Image that says RStudioBelow you will find a brief overview of the settings and setup of RStudio with my own preferences and reasons for them regarding setup. To explore all the functions, features, and customization of RStudio, I recommend starting with their website. RStudio can be downloaded from the RStudio website. Once it has been downloaded and installed (note: you will need administrator privileges when using a Windows machine) you will no longer need to open R to use it; instead, you will simply open RStudio and use R through RStudio.

When you first open RStudio it should look something like what is below, assuming the default installation.

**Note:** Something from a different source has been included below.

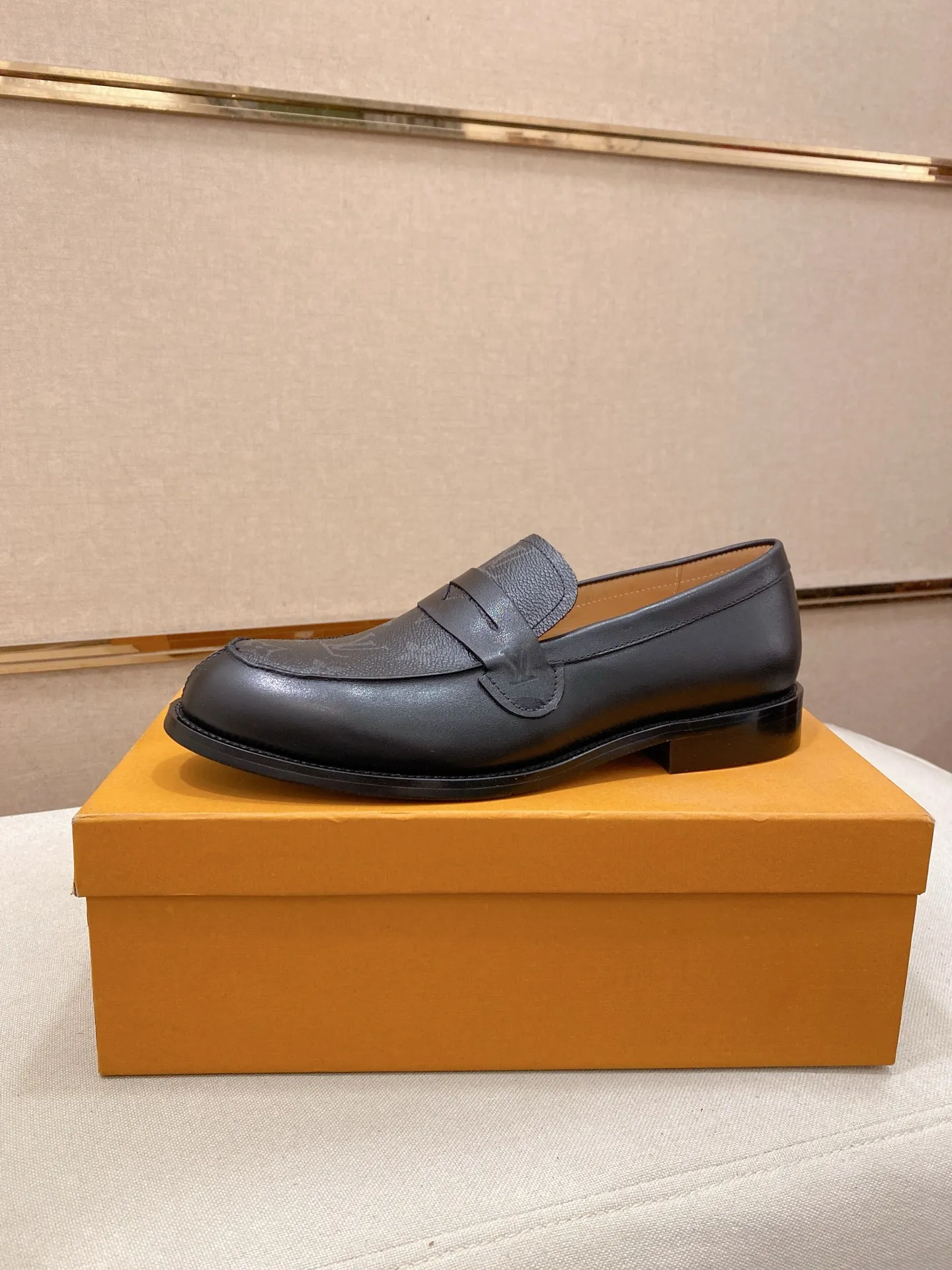 Men's Men's Shoes 500💰⚡️New models on the market⚡️Louis Vuitton (Louis Vuitton/LV) casual, business formal wear! Made with pure Italian craftsmanship, the upper is made of first-layer cowhide, which is full of texture! The lining is cowhide and the original rubber leather shoe outsole. The style is atmospheric and comfortable! Positive code 38-44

When you first open RStudio it should look something like what is below, assuming the default installation.

Briefly, the pane on the left in the image above is the R console, where input or script is processed and output is printed. The pane on the upper right displays the environment, i.e., any objects created or imported into the R console session, and the history, i.e., a listing of the objects which are or were in the environment. Objects in the environment also can be listed in the console using the 'list' function: 'ls()'. The pane on the lower right displays: files (of the working directory), plots, i.e., graphs, plots, etc., help, i.e., any help files called from the console, and the viewer, which can be used with certain packages to display local web content. The layout of the panes can be changed by clicking on the "Global Options'' in the "Tools'' menu and then clicking on "Pane Layout.''

Image showing expanded "Tools" of the menu bar.

 

Image showing "Pane Layout" options.

 

Obviously, personal preference should dictate how the panes are arranged and which tabs of each pane. My own preferences are to have the console on the left with the other side dominated by the script or "Source" with all other panes minimized.

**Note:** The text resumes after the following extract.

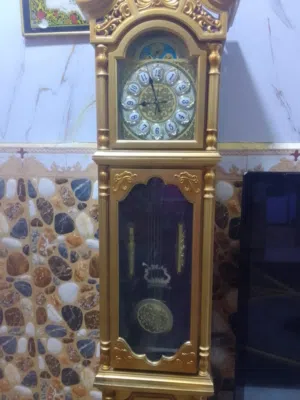 اثاث منزلي للبيع مستعملي رصاصي 300 كنبات 4قطع ثنين رصاصيه وثنين صفر تخم نوعن ما جديد الجوزي 7قطع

Image showing the author's preferred pane layout.

 

Here's what it looks like with that pane layout.

 

Here it is with a script, i.e. "Source,'' file opened.

Image showing RStudio with the author's preferred pane layout with R script file open.

 

The layout panes will automatically change when one creates a graphical object, e.g., a histogram; such that the plots pane will expand to half the height of the left side and the console pane will collapse to half size.

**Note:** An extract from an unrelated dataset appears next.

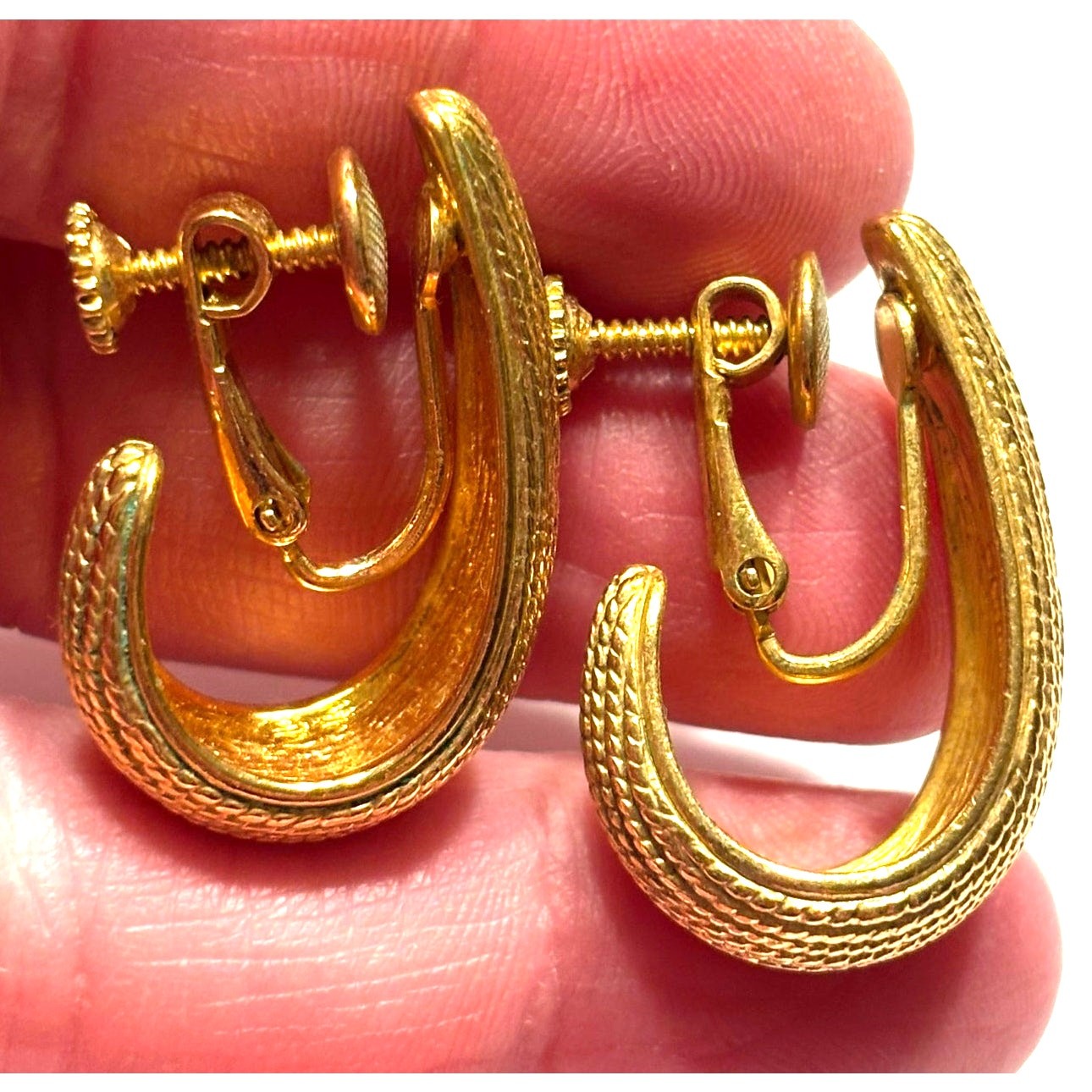 Vintage Napier adjustable clip on earrings textured gold faux hoops classic Y2K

Image showing RStudio with a basic histogram opened into the lower left pane (i.e. half that side of RStudio, with the R console filling the upper half).

 

Keep in mind, you can click on the "Zoom'' button of the plot pane to open the graph or plot in a new window, i.e., outside of RStudio, to get a better view of it. Then, minimize the plot pane to re-expand the console pane and continue working.

Image showing an 'expanded' or 'zoomed' separate window with the histogram on top of RStudio.

 

There are, of course, other options one may want to experiment with changing. Let's begin with the General options. I typically set the default working directory to a location which is more general than specific. Most of my work computers have a file for all my work stuff and within which is a general R oriented folder, e.g., what is displayed below. The desktop might be a good general location too. As a habit, I always set the working directory at the top of each script file to the location of all the files related to a particular project. One must be careful when specifying paths as R only recognizes forward slashes (i.e., / ) and not backslashes (i.e., \ ) which commonly are used by Windows operating systems.

Image showing RStudio "General" options, including the specified working directory using forward slashes.

 

Next, let's take a look at the Editing tab of the Code settings.

Image showing the "Editing" tabe of the  "Code" options of RStudio.

Inserting a specific number of spaces for tabs, e.g. two spaces, as the default, is a good idea. That's because of writing functions and loops, which often contain many lines and functions and loops within them, it can be otherwise difficult to read the code. RStudio brace-matches by default. This means that whenever the user types a parenthesis, brace, or bracket; RStudio automatically prints a corresponding version to close the parentheses, braces, or brackets. Most people see this as a convenient feature, I do not. I find it interrupts my typing flow, so I turn that feature off. The only thing I change in the Display settings (tab) is the console limit length from 1000 to 10000.

Image showing the "Display" tabe of the Rstudio options.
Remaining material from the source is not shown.